Lorſque les Dieux ſe font voir, il ſemble que le Ciel, le ſoleil & la lune aillent s’anéantir ; on croiroit que la terre ne peut réſiſter à leur préſence. A l’Apparition d’un Archange, il y a tremblement dans quelque partie du monde ; elle eſt précédée d’une lumiere plus grande que celle qui accompagne les Apparitions des Anges : elle eſt moindre à l’Apparition d’un Démon ; elle diminue encore, lorſque c’eſt un Héros qui ſe fait voir.

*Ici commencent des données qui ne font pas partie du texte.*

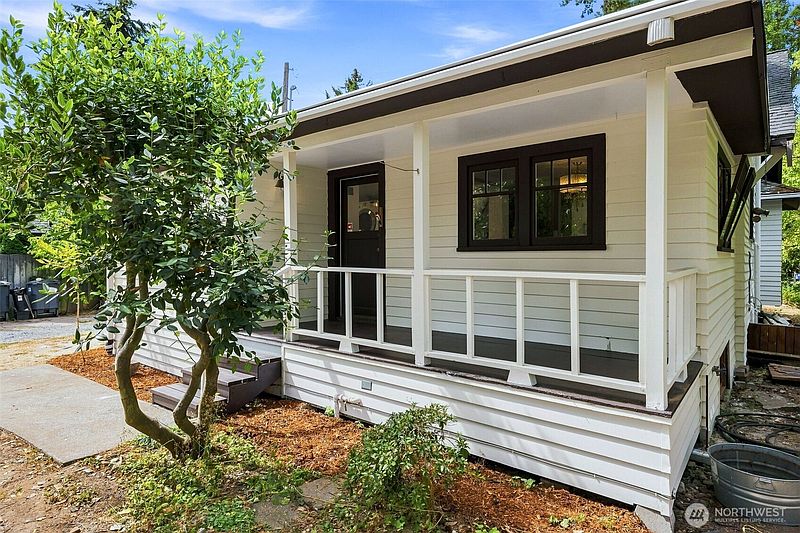 2nd image of 14622 18th Avenue SW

Les Apparitions des Dieux ſont très-lumineuſes ; celles des Anges & des Archanges le ſont moins ; celles des Démons ſont obſcures, mais moins que celles des Héros. Les Archontes qui préſident à ce qu’il y a dans le monde de plus brillant, ſont lumineux ; mais ceux qui ne ſont occupés que des choſes matérielles, ſont obſcurs. Lorſque les Ames apparoiſſent, elles reſſemblent à une ombre. Il continue dans ſa deſcription de ces Apparitions, & entre dans un détail ennuyeux ſur tout cela : on diroit à l’entendre qu’il y a entre lui, les Dieux, les Anges, les Démons & les Ames ſéparées du corps, une liaiſon intime & habituelle. Mais tout cela n’eſt que l’ouvrage de ſon imagination : il n’en ſavoit pas plus qu’un autre ſur une matiere qui eſt au-deſſus de la portée des hommes. Il n’avoit jamais vû d’Apparitions des Dieux, ni des Héros, ni des Archontes ; à moins qu’on ne diſe que ce ſont de véritables Démons, qui apparoiſſent quelquefois aux hommes. Mais d’en faire le diſcernement, comme le prétend faire Jamblique, c’eſt une pure illuſion.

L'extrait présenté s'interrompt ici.